Task brief
Your answer should be the lines below from the one holding "जंगल से तीन" through the one holding "Нічна сорочка довга", copied exactly and with nothing else.

********************

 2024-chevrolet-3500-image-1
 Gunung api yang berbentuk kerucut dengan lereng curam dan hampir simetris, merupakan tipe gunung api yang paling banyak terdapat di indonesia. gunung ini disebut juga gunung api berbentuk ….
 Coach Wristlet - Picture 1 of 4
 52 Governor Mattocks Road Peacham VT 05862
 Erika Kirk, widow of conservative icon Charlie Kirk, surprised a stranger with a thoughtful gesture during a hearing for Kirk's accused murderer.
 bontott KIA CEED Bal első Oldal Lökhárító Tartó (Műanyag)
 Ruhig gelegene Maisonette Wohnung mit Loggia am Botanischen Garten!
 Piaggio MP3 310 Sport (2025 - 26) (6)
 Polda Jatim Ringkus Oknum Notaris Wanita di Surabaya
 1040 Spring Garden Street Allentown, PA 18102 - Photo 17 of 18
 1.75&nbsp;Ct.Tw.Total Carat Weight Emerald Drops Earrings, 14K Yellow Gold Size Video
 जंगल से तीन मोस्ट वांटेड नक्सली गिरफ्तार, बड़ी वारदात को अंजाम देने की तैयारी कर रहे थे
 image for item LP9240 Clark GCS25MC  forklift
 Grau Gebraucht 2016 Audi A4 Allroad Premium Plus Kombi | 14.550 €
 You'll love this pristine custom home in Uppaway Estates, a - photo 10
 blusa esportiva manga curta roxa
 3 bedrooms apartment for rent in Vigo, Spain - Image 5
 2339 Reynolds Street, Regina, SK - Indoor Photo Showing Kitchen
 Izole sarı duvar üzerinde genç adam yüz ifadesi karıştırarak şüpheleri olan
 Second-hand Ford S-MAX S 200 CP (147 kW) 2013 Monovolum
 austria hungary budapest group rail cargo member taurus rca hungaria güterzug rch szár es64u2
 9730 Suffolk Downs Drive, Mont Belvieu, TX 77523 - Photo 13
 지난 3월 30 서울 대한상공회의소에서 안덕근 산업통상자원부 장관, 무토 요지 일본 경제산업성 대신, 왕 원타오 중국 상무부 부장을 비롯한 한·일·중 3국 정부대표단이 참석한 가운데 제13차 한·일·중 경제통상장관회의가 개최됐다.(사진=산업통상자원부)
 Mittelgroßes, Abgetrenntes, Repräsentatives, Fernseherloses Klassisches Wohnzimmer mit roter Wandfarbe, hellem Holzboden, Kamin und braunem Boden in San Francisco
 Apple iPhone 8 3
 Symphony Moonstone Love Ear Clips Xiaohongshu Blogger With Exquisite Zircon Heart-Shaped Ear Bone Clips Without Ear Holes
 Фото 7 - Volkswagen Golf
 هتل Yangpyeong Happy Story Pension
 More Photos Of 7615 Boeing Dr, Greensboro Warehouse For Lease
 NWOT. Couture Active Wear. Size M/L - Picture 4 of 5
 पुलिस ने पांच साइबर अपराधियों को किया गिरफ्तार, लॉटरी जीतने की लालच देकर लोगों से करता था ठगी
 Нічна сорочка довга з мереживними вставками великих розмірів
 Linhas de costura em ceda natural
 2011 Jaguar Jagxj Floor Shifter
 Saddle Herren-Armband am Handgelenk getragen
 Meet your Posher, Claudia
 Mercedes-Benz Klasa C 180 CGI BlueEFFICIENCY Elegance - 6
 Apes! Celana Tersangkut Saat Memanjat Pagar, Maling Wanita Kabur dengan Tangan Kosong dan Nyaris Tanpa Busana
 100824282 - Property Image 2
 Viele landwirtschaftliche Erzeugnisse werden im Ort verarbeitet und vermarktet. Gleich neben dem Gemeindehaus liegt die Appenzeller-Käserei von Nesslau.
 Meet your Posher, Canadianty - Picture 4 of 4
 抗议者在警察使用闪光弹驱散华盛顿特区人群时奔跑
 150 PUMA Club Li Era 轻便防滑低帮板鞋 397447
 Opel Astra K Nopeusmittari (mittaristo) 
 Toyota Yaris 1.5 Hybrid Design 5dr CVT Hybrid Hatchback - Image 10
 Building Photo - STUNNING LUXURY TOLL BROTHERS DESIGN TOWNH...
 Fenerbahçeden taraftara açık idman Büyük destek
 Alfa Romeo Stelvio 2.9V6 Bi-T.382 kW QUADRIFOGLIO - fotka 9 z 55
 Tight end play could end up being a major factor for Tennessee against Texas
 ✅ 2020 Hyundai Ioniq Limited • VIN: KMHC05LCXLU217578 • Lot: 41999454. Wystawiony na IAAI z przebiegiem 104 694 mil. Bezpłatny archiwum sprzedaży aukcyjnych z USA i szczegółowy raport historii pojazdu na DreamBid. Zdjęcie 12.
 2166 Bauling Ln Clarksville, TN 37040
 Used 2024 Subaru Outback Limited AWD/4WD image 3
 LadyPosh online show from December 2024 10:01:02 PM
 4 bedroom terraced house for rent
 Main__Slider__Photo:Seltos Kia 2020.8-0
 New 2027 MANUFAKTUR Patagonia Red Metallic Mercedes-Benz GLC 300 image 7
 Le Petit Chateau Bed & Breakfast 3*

********************

Final answer
 जंगल से तीन मोस्ट वांटेड नक्सली गिरफ्तार, बड़ी वारदात को अंजाम देने की तैयारी कर रहे थे
 image for item LP9240 Clark GCS25MC  forklift
 Grau Gebraucht 2016 Audi A4 Allroad Premium Plus Kombi | 14.550 €
 You'll love this pristine custom home in Uppaway Estates, a - photo 10
 blusa esportiva manga curta roxa
 3 bedrooms apartment for rent in Vigo, Spain - Image 5
 2339 Reynolds Street, Regina, SK - Indoor Photo Showing Kitchen
 Izole sarı duvar üzerinde genç adam yüz ifadesi karıştırarak şüpheleri olan
 Second-hand Ford S-MAX S 200 CP (147 kW) 2013 Monovolum
 austria hungary budapest group rail cargo member taurus rca hungaria güterzug rch szár es64u2
 9730 Suffolk Downs Drive, Mont Belvieu, TX 77523 - Photo 13
 지난 3월 30 서울 대한상공회의소에서 안덕근 산업통상자원부 장관, 무토 요지 일본 경제산업성 대신, 왕 원타오 중국 상무부 부장을 비롯한 한·일·중 3국 정부대표단이 참석한 가운데 제13차 한·일·중 경제통상장관회의가 개최됐다.(사진=산업통상자원부)
 Mittelgroßes, Abgetrenntes, Repräsentatives, Fernseherloses Klassisches Wohnzimmer mit roter Wandfarbe, hellem Holzboden, Kamin und braunem Boden in San Francisco
 Apple iPhone 8 3
 Symphony Moonstone Love Ear Clips Xiaohongshu Blogger With Exquisite Zircon Heart-Shaped Ear Bone Clips Without Ear Holes
 Фото 7 - Volkswagen Golf
 هتل Yangpyeong Happy Story Pension
 More Photos Of 7615 Boeing Dr, Greensboro Warehouse For Lease
 NWOT. Couture Active Wear. Size M/L - Picture 4 of 5
 पुलिस ने पांच साइबर अपराधियों को किया गिरफ्तार, लॉटरी जीतने की लालच देकर लोगों से करता था ठगी
 Нічна сорочка довга з мереживними вставками великих розмірів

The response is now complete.